■ PROBLEM DETAILS
Without the pictures, can you quote each line below exactly?

■ PROVIDED DATA
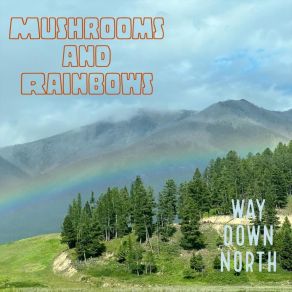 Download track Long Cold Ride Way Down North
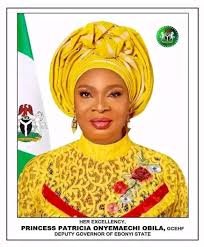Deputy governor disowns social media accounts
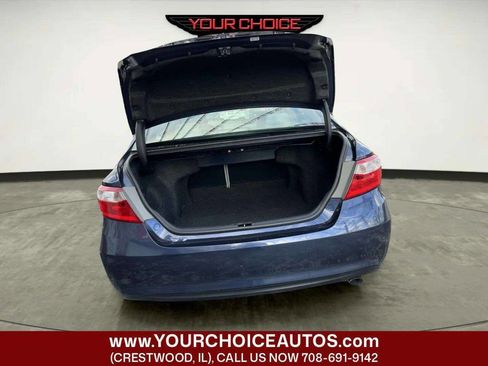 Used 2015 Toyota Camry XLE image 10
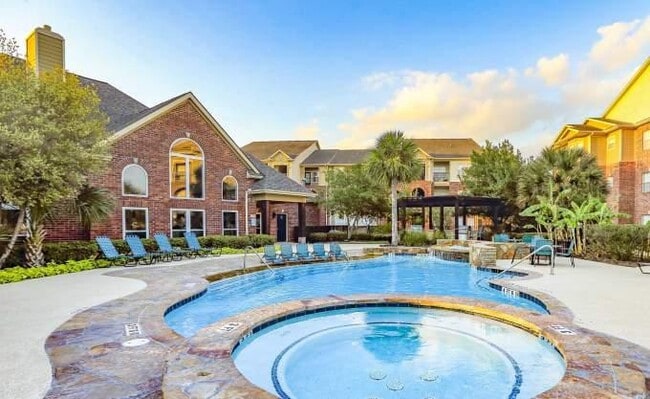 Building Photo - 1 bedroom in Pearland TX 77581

■ FINAL ANSWER
 Download track Long Cold Ride Way Down North
Deputy governor disowns social media accounts
 Used 2015 Toyota Camry XLE image 10
 Building Photo - 1 bedroom in Pearland TX 77581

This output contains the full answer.